To add one more layer of worry. In a Q&A with Canadian Business before the event, Eric Sprott was asked about the connection to energy issues in all of this. His shop is a believer in peak oil—the idea that we’re in for some large spikes in the price of energy in the years ahead as the rate of ongoing natural depletion of existing fields begins to run ahead of the rate of new oil production. Sprott agreed there could be a cap on any growth in the years ahead as oil prices rise with any attempted recovery. And so whatever recovery we get will be checked by rising energy prices.
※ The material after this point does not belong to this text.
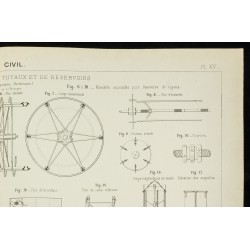 Gravure de 1892 - Outillages de fabrication du tuyaux - 3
There just doesn’t seem to be many reasons for optimism. As Ian Gordon put it, we’re moving into a stage of the economy akin to the winter season. The bounty of the now fading post-war U.S. consumption-led economy (now in collapse) will fall away, and the ground will go fallow for a period. And while this will eventually make way for the new green shoots of spring, the new less consumer-dependent economy that is going to grow out of what is now collapsing is far off yet.
This grey, cold no-growth season with be with us until 2020 says Gordon. It’ll take that long for the old order to break down, and for the new shoots lying underneath to come up. “That’s what I see as a financial historian,” says Gordon. Sprott agreed, suggesting it could be more than 10 years before the debt bubble that began forming in the early ’80s is wrung out of the system. So plan accordingly. There was, of course, a pitch in all of this. Sprott’s new gold bullion fund was mentioned. As was the wisdom of shorting the market.
But if there was one thing to take away from the event it is the notion that the fraction of total debt to GDP climbed to 200% in late ’20s, just before the Great Depression. And we’re back at that point again. “It’s amazing how one era is like another” say Gordon. Is it ever. It may be worrying. But it is amazing.